**DIRECTIONS**
The response should consist solely of the lines running from the line with "Original artwork Woman" to the end of the data, retyped exactly.

**DATA FOR THE TASK**

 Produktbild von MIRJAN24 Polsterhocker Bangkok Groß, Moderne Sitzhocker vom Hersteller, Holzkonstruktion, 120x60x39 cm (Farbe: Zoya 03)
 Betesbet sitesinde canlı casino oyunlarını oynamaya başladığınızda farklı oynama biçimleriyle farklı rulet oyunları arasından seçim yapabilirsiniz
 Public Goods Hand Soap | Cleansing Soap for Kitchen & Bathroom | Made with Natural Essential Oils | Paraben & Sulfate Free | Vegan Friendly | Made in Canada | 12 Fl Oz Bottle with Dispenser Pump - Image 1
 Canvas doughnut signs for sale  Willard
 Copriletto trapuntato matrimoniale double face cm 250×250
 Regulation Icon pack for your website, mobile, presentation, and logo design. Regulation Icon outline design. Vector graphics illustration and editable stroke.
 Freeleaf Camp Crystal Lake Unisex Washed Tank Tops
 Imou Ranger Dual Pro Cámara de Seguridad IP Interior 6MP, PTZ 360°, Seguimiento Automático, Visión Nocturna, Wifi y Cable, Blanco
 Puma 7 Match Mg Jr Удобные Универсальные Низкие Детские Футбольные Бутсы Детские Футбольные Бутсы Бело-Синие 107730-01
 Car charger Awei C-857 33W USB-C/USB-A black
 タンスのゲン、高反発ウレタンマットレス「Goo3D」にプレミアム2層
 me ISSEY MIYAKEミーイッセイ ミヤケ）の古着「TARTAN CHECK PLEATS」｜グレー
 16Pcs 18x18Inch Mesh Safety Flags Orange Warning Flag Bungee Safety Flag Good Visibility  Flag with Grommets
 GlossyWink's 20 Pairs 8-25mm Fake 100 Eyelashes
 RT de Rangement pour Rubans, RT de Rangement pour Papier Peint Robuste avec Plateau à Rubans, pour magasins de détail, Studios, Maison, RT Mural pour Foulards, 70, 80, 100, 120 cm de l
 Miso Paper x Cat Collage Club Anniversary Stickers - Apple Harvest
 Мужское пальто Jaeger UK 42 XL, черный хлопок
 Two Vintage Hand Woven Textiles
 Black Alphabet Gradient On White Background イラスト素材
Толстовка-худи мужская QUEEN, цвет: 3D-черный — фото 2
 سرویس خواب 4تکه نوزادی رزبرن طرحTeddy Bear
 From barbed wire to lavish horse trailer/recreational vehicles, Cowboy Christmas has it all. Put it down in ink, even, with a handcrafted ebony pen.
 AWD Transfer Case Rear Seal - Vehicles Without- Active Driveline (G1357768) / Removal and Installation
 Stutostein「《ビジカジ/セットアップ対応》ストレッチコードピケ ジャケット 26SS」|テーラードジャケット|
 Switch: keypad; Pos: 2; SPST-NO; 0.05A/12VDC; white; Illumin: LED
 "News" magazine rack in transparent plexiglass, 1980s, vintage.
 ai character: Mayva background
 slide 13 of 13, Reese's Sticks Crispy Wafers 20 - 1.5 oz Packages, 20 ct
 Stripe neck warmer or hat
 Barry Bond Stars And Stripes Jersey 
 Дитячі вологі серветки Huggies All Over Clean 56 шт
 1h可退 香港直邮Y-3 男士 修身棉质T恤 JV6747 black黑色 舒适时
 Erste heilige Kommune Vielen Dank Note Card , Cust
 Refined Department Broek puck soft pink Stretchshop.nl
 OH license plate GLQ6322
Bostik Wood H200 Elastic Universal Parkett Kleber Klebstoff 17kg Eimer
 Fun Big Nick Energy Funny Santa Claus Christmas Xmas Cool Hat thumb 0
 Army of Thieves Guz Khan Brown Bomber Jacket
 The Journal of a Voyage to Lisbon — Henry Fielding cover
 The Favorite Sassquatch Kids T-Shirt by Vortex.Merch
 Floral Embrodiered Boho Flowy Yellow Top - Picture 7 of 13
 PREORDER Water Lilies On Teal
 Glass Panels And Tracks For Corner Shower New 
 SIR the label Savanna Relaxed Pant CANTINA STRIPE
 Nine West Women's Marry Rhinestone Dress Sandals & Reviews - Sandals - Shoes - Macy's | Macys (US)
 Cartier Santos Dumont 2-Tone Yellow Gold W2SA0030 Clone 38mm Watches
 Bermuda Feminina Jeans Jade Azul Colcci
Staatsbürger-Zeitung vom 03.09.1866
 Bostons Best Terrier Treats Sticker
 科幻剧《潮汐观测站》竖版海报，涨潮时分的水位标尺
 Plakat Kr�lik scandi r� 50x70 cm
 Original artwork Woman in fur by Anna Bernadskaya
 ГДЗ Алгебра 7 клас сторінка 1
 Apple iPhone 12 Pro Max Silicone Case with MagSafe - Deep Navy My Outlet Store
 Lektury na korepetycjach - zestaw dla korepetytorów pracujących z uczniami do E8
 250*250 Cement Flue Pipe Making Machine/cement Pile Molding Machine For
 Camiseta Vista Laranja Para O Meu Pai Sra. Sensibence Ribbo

**EXERCISE RESPONSE**
 Original artwork Woman in fur by Anna Bernadskaya
 ГДЗ Алгебра 7 клас сторінка 1
 Apple iPhone 12 Pro Max Silicone Case with MagSafe - Deep Navy My Outlet Store
 Lektury na korepetycjach - zestaw dla korepetytorów pracujących z uczniami do E8
 250*250 Cement Flue Pipe Making Machine/cement Pile Molding Machine For
 Camiseta Vista Laranja Para O Meu Pai Sra. Sensibence Ribbo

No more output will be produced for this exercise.